From the streets to the academy" just about sums up the career of Cuban designer Santos Toledo, whose first work was a sales sign at a bodega (corner store) and who is today an important figure on the Cuban arts scene.
This succinct phrase is the motto that is livening up the celebrations of the fiftieth anniversary of the artistic career of Santos Toledo Argudín, born in Havana in 1950. Santos Toledo was the 2016 winner of the Eduardo Muñoz Bachs Design Prize, the most prestigious award of its kind given by the Cuban Fine Arts Association, part of the Artists and Writers Union.
Memorable posters and record sleeves for top recording artists, publicity campaigns with a particularly artistic touch for national and international festivals, wardrobe design, hairstyling, public spaces—his work runs the gamut of artful image design for people and events. A man of great talent but few words, he prefers his work to speak for itself.
In conversation with CubaPlus, Santos Toledo recounted the beginnings of his career at the age of twelve, which he described as tremendously difficult from a human point of view."
For family finance reasons, I had to work in a bodega. There was too much merchandise and they asked me to make a sign that said ‘Hay orejas saladas’ -"we have salted ears". It caused such a sensation that they gave me a place at the Diego Rivera School of Drawing in Centro Habana. That was around 1960-1962."
Having trained as a topographic draughtsman and cartographer during his military service in army, he began to make inroads into the world of culture under the tutelage of celebrated Cuban maestros such as Esteban Ayala and Raúl Martinez.
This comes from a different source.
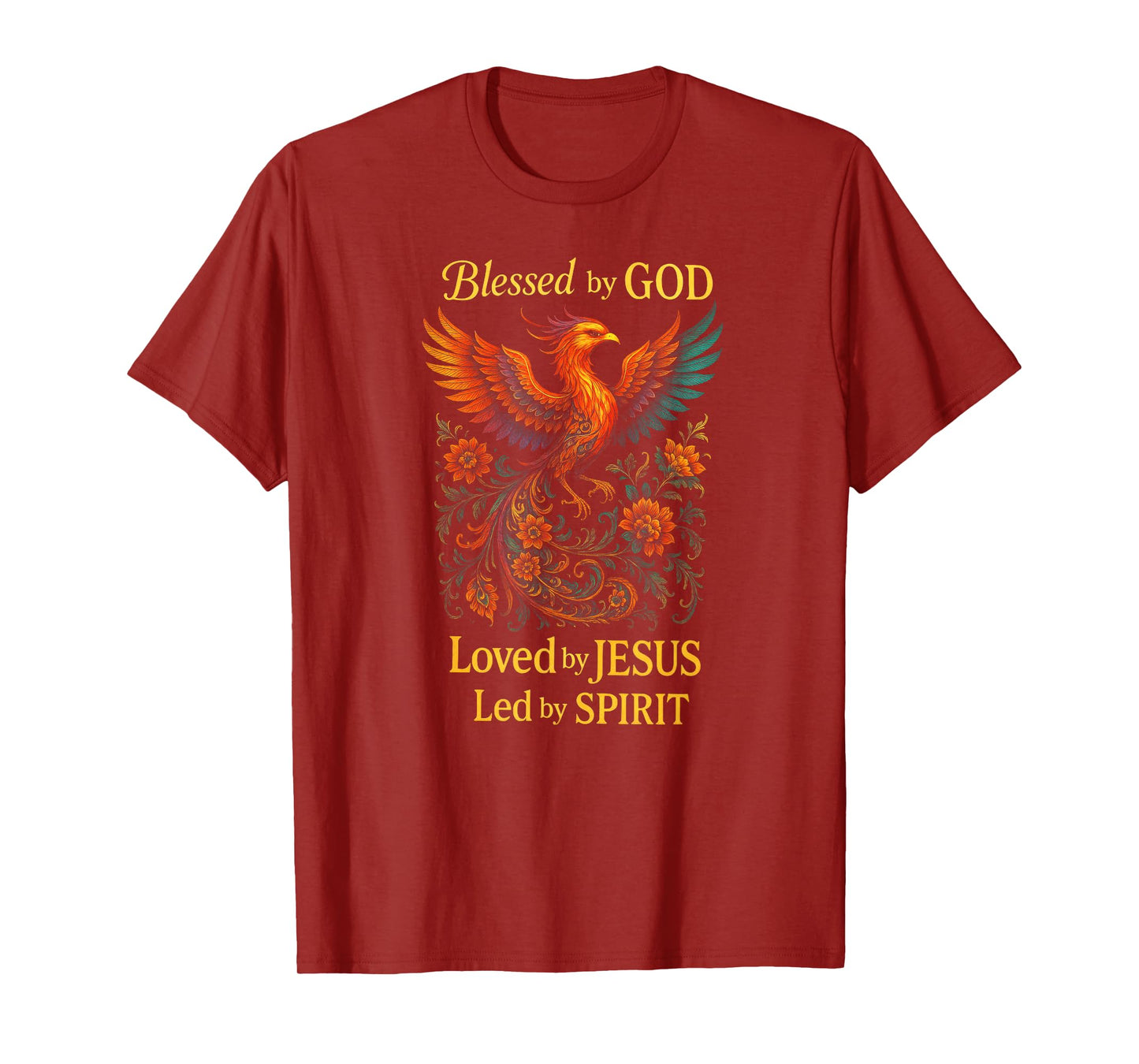 Blessed by God - Butterfly Christian Holy Easter T-Shirt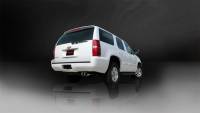 CORSA Performance - CORSA Performance 14912 Corsa 2009-2014 Chevrolet Tahoe 5.3L V8 Polished Sport Cat-Back Exhaust - Image 6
They helped me so much, with the same affection and the same enthusiasm with which I help young people now." And at a difficult time, the designer received much-appreciated support from two executives of the Culture Minsitry— Pepín Rosette and Gilda Betancourt—directors of the ministry’s information division in the 1980s.
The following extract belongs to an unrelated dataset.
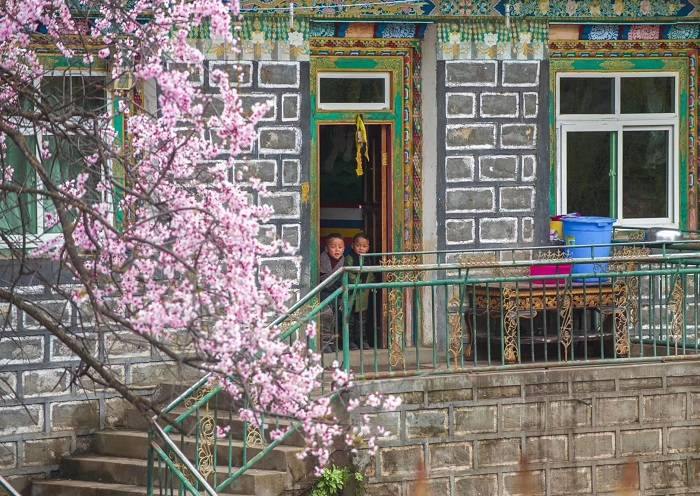 Day2-Gala Village, where the opening ceremonies of Nyingchi Peach Blossom Festival were held.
Music in particular has inspired his work, and he has designed for many true icons of his generation and younger ones. Rita Montaner, Ernesto Lecuona, Rosita Fornés, Celeste Mendoza, Elena Burke, Bola de Nieve, Benny Moré, Celia Cruz, Farah María, Beatriz Márquez, Chucho Valdés... &To me music is something truly great and people who dedicate themselves to music deserve my utmost respect," he said, adding &I think to be an artist, a singer or an actor, implies such great responsibility that you have to admire it and celebrate it. And the best thing I can contribute is to represent it graphically."
He has also designed extensively for theatre and dance in Spain, for Antonio Gades and Cristina Hoyos, in Argentina for the company Les Luthiers and in Cuba for Lizt Alfonso, Danza Nacional de Cuba and many others.
Austria, Hungary, Italy and Mexico are other countries where Santos Toledo has worked. Two Mexican institutes in Mérida and Campeche will be hosting exhibitions this year featuring his work with Cuban and Mexican music, to celebrate his fifty year career.
In some ways, he says, he owed a debt to Mexico having worked there when he was young. He had always wanted to return with all his works. He started a cultural exchange bringing notable Mexican designers and photographers to Cuba. In Cuba, the fifty year career of this veritable master of design will be celebrated with exhibitions in Cienfuegos, Camagüey, Santiago de Cuba and Havana showing different sides of his work.
Lately his portfolio has expanded in a new direction, into the world of sport. He considers his work for the Salón del Deporte Cubano some of the best of his career. The work spans posters, drawings and even designing the national team uniform for the 2018 Central American Games.
Among so many things you’ve done, what has given you the most satisfaction? For me, design one thing alone and I do everything with the same pleasure. It’s been fifty years of work and the main thing has always been to give my love and my heart to a public that appreciates it.